The paper, titled “Defending Democracy: Taking Stock of the Global Fight Against Digital Repression, Disinformation, and Election Insecurity,” discusses different methods other countries have used to prevent cyber interference with their elections, including how countries have fought digital repression and disinformation. The report will be published early next year, Shackelford said.
Shackelford, chair of IU’s cybersecurity program, said he started researching voter security in 2016 when he discovered voting infrastructure, which includes voting machines and tabulation systems, was not considered critical and therefore was not as protected by the government as telecommunications or financial systems.
Shackelford wrote a paper in 2016 for the Christian Science Monitor in favor of promoting voting infrastructure to that critical status, and in January 2017 the Department of Homeland Security made that change.
However, since the change in classification, the government has not done much to improve voting protections, Shackelford said.
“Cynically, it’s frankly updating a website,” he said. “They haven’t done the next things.”

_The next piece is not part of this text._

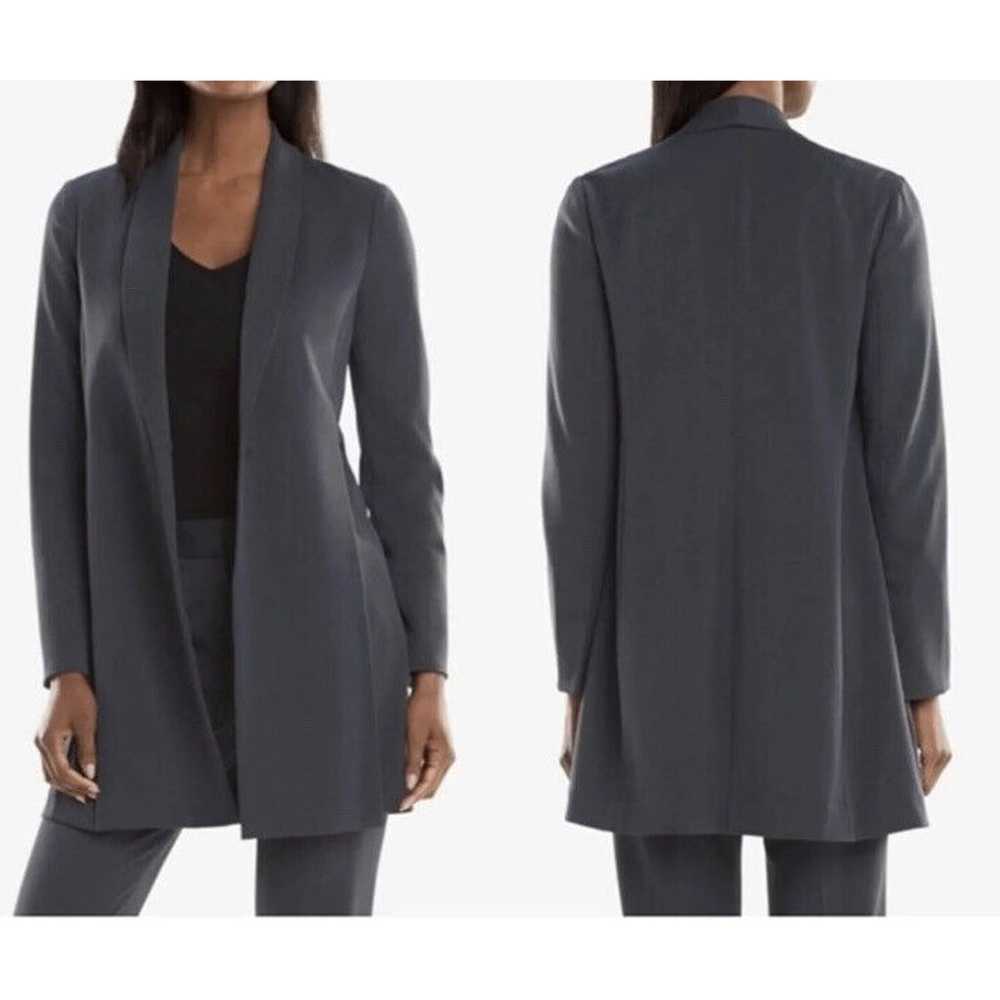 mm lafleur Wool Dietrich Open Jacket Grey xs - image 1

Some steps suggested in the paper are creating a national cybersecurity safety board to investigate cyberattacks on U.S. election infrastructure, appropriating funds to update voting machines and eliminating machines using paperless ballots to ensure there is a paper trail, according to a press release from IU.

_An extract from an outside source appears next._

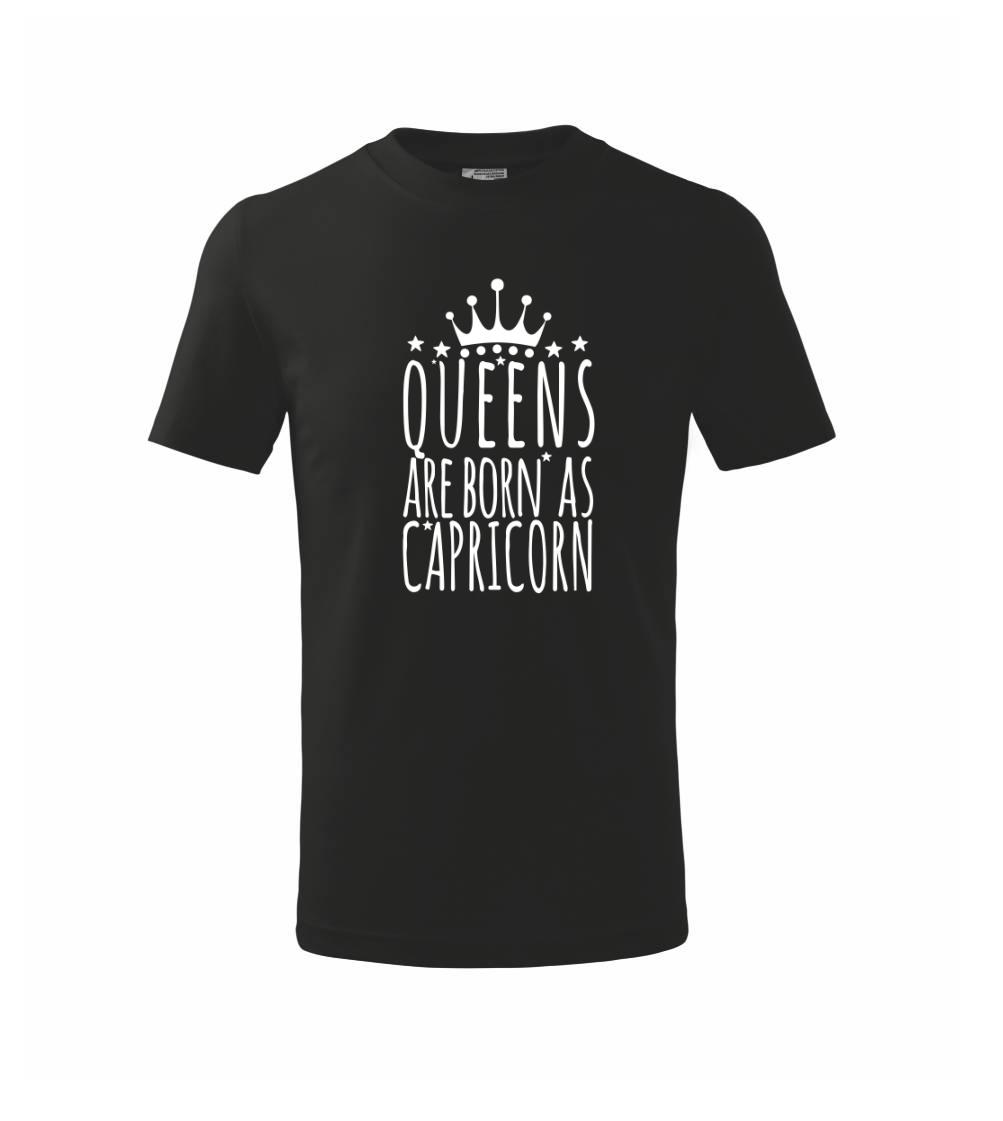 Queens are born as Capricorn - Kozorožec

Voting machines have not been updated nationwide since 2002 when the U.S. Congress passed the Help America Vote Act, which gave about $4 billion dollars to states to update voting equipment, Shackelford said. Now, that equipment, including paperless machines which make it difficult to do audits or recounts, is outdated and still being used by several swing states.
A paper trail, or using paper ballots, is important because without the paper trail it can be difficult to know what someone’s true original vote was, Shackelford said. The paper is a backup in case something happens with the machine.

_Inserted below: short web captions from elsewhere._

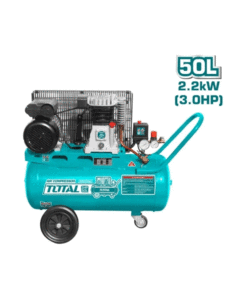 TOTAL - COMPRESOR AER 2200W, 50L, 8BAR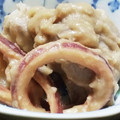 ★むさ's cooksnap of when they made イカぷりぷり、里芋てりてりの煮っころがし.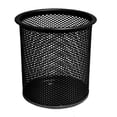 thumbnail image 3 of Sidaley Iron Pen Pot Antideslizante Desktop Pencil Holder Round Pencil Container para Office School 2piezas, 3 of 6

“If you don’t have that paper somewhere in that process, it’s really hard to have confidence in the outcome of an election, especially when it’s quite close,” Shackelford said.
Shackelford said this also applies to mail-in voting, in which the attempts at fraud have been minimal in the U.S. and other countries.
“There’s been controversy around mail-in balloting, but when you look at the data it’s an incredibly safe and secure way to vote,” he said. “There’s a lot of ways to double check that who actually was supposed to cast the ballot actually did.”
Having these paper ballots also allows states the opportunity to do risk-limiting audits, which is when states check the accuracy of their overall voting numbers by taking samples of ballots cast and comparing them to the reported outcome, Shackelford said. Rhode Island, Virginia, Nevada, California, Georgia and Washington use this process.
Shackelford said one of the biggest threats in the upcoming election is the issue of disinformation on social media. The way to address this problem is by holding social media organizations accountable for addressing the accounts spreading this information, Shackelford said.
"With regards to disinformation in particular, the U.S. government could work with the EU to globalize the self-regulatory Code of Practice on Disinformation for social media firms and thus avoiding thorny First Amendment concerns," Raymond said in a press release.
Shackelford said the best way to go against this disinformation, which sometimes can contain inaccurate reports of polling results, is to go out and vote in whatever form people are able to. He also suggested going to vote in person early if you can’t vote by mail-in to avoid large crowds.
“The goal for a lot of different groups, both foreign and domestic, is to depress turnout,” he said. “Frankly the way that we let those groups win is by not participating.”